== What this task involves ==
Below are entries; repeat exactly, and nothing else, the lines from the one holding "Bright and modern" through the one holding "Badeværelse med badekar", inclusive. Leave the pictures out.

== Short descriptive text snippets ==
- Opening Delimiter -
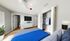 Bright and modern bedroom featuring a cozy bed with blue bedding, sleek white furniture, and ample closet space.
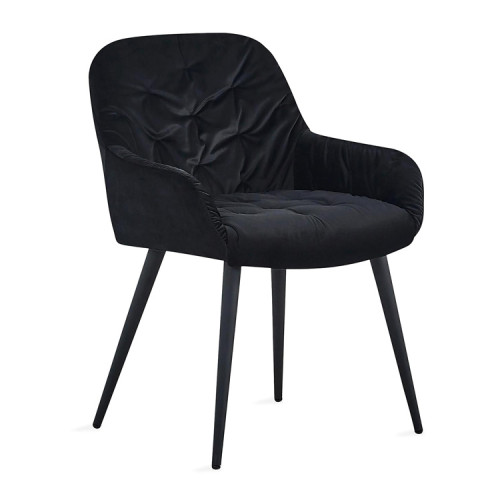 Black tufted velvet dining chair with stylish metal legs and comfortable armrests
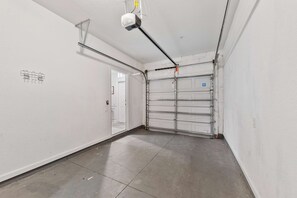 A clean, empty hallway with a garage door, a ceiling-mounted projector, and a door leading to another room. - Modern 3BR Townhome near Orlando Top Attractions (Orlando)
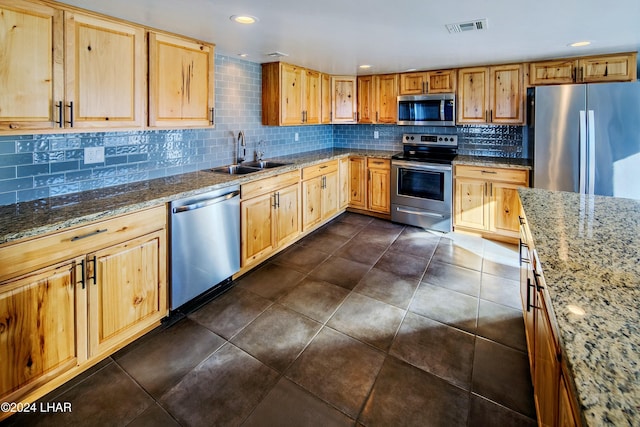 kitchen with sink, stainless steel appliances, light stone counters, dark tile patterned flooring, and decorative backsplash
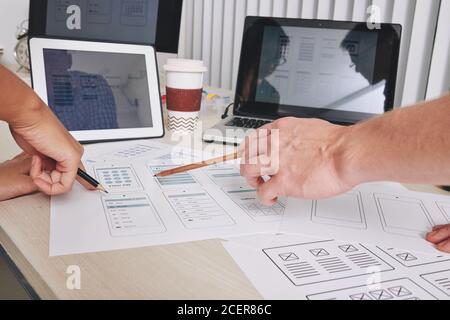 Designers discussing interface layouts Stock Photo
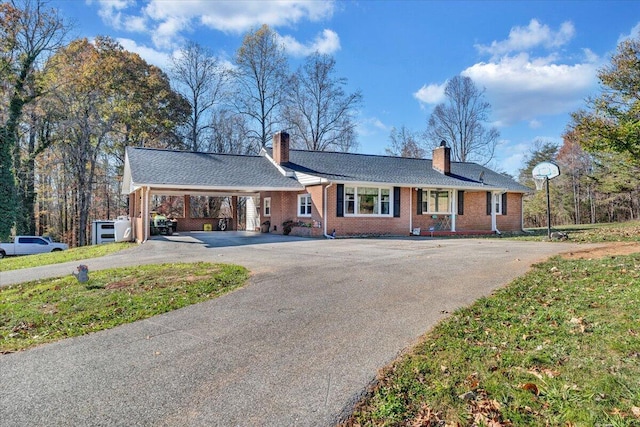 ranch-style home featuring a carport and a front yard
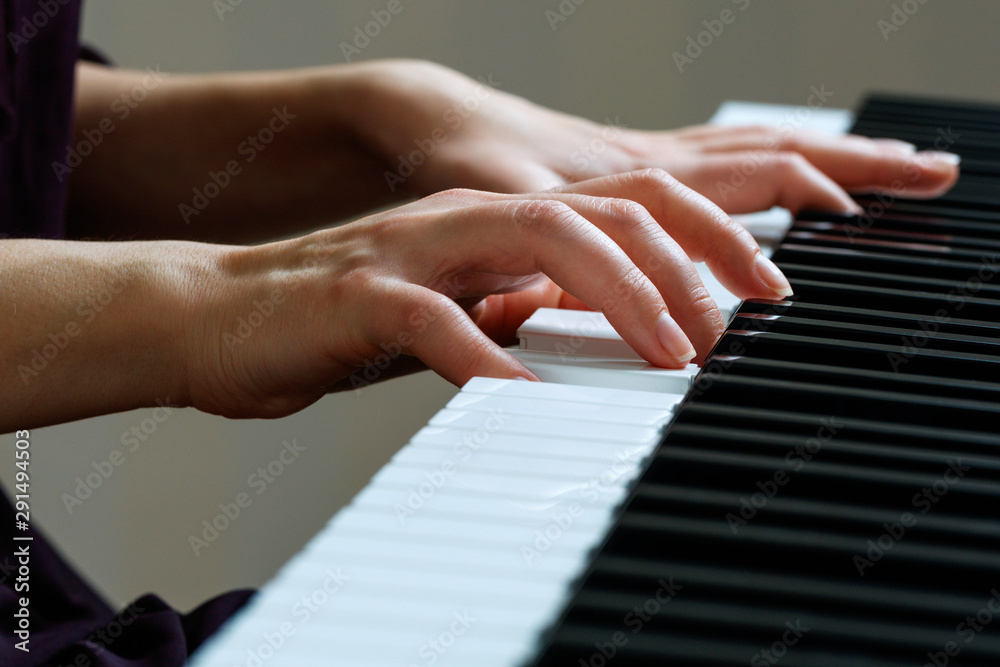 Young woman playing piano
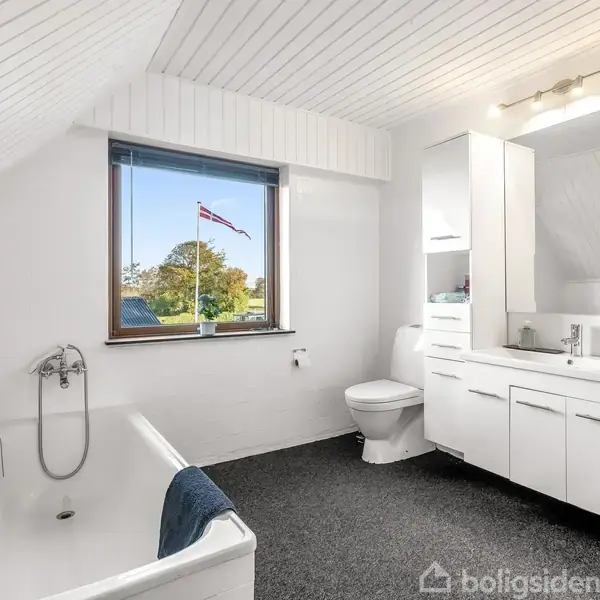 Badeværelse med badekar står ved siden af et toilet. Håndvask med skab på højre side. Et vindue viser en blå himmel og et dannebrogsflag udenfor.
- Closing Delimiter -
- Opening Delimiter -
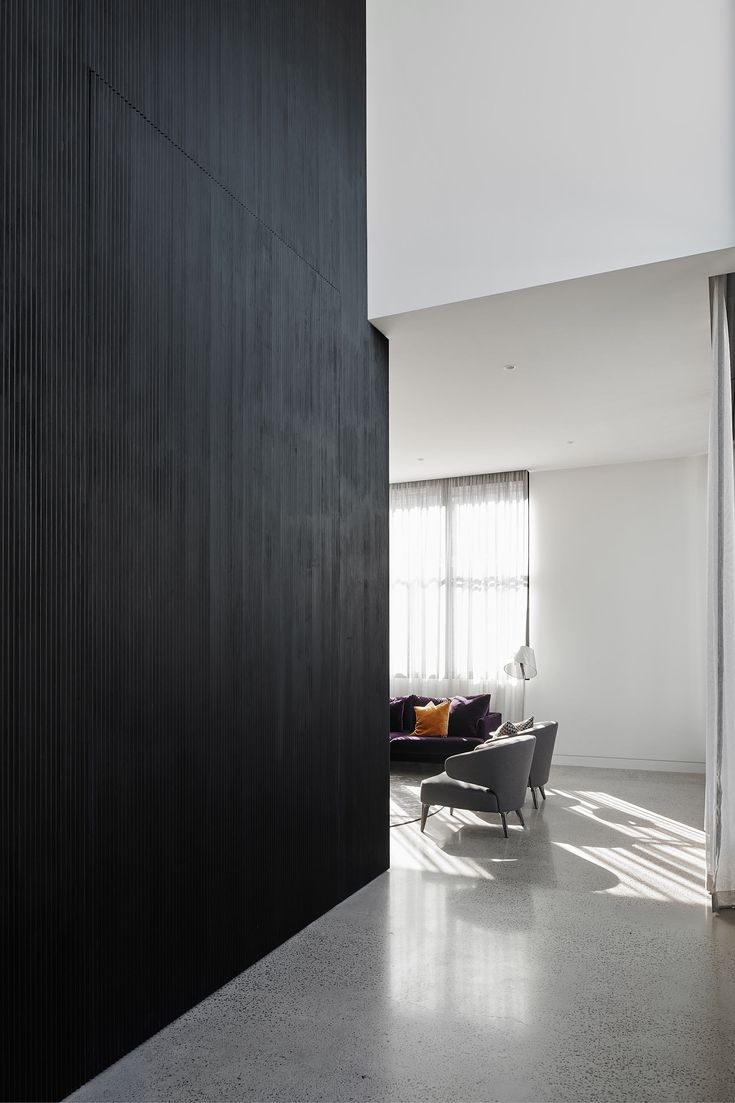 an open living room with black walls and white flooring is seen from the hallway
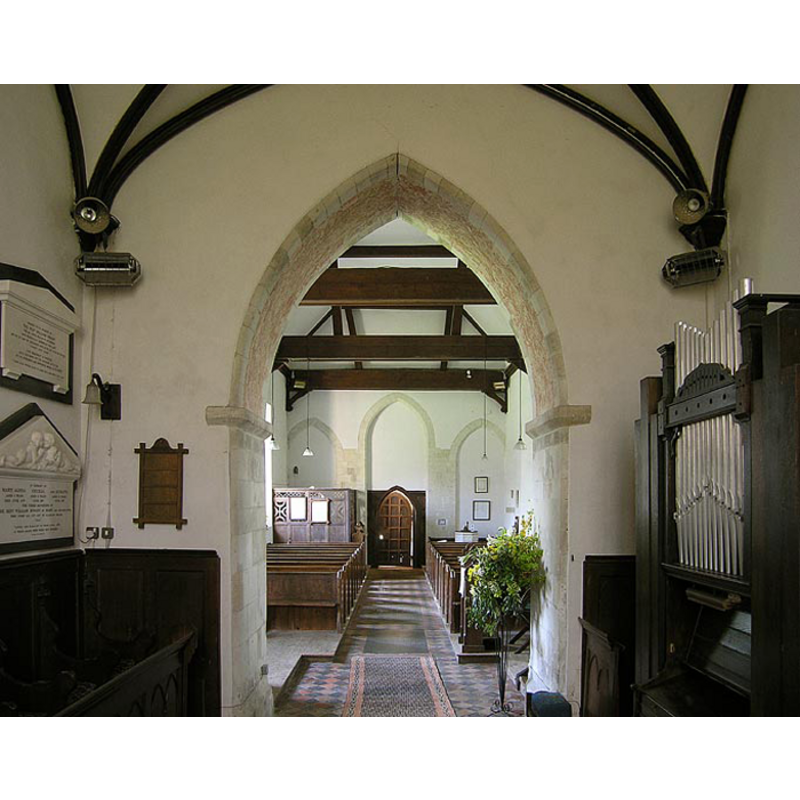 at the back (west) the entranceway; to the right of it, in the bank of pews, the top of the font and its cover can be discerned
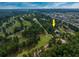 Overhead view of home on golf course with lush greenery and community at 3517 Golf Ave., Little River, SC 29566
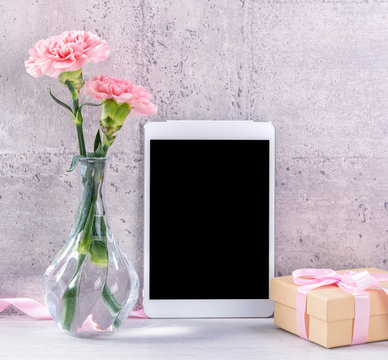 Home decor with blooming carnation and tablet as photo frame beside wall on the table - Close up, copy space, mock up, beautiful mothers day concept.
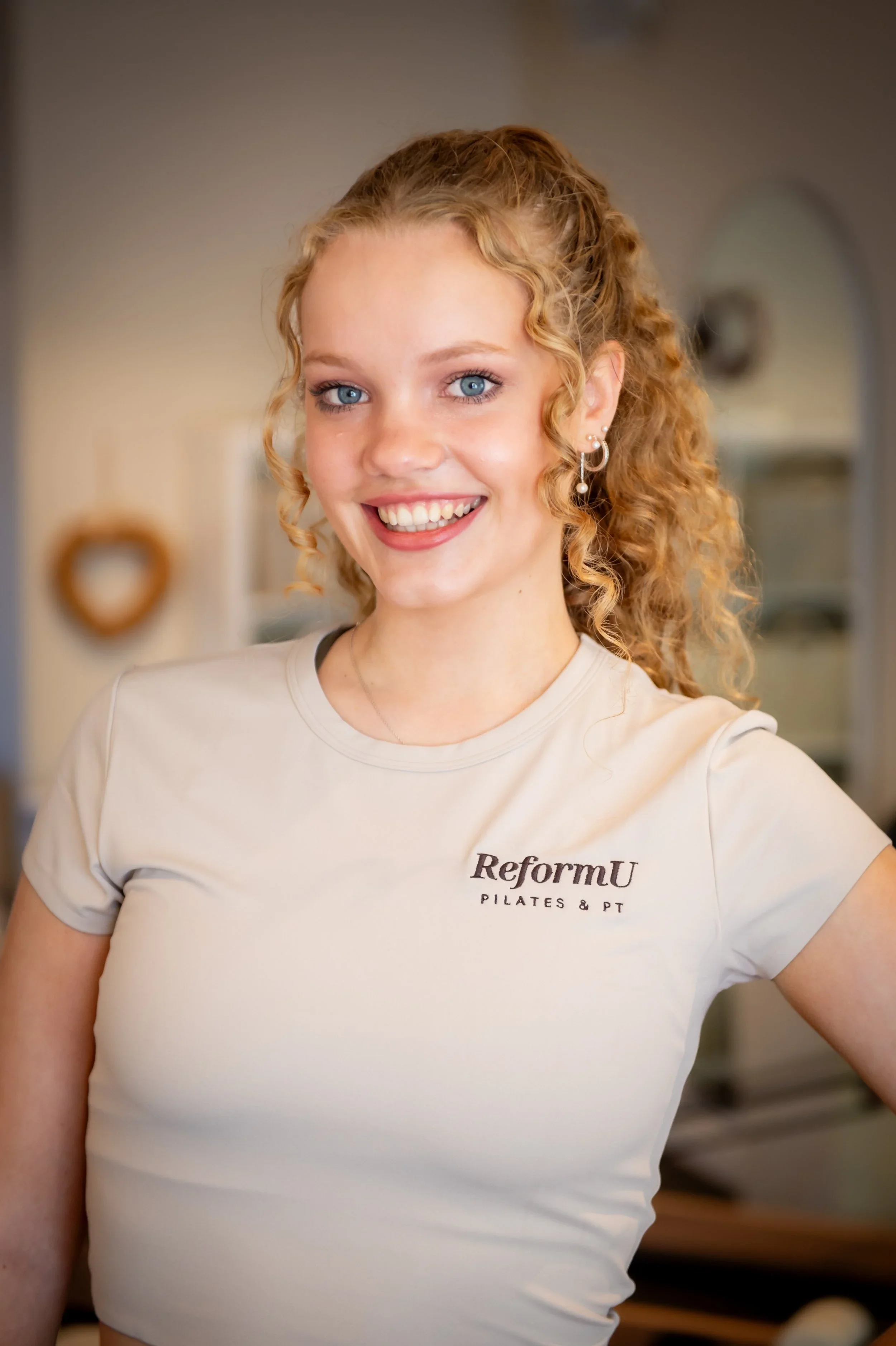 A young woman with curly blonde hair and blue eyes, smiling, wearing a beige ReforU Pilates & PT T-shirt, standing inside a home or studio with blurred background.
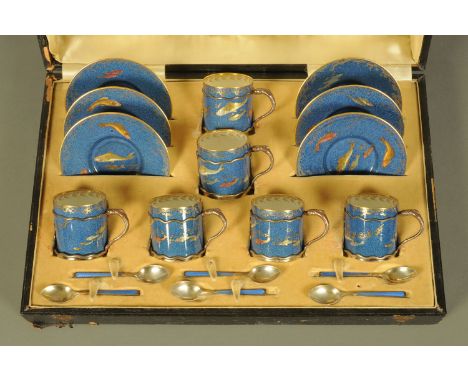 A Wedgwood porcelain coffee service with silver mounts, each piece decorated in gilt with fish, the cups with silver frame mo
- Closing Delimiter -
== Solution below ==
 Bright and modern bedroom featuring a cozy bed with blue bedding, sleek white furniture, and ample closet space.
 Black tufted velvet dining chair with stylish metal legs and comfortable armrests
 A clean, empty hallway with a garage door, a ceiling-mounted projector, and a door leading to another room. - Modern 3BR Townhome near Orlando Top Attractions (Orlando)
 kitchen with sink, stainless steel appliances, light stone counters, dark tile patterned flooring, and decorative backsplash
 Designers discussing interface layouts Stock Photo
 ranch-style home featuring a carport and a front yard
 Young woman playing piano
 Badeværelse med badekar står ved siden af et toilet. Håndvask med skab på højre side. Et vindue viser en blå himmel og et dannebrogsflag udenfor.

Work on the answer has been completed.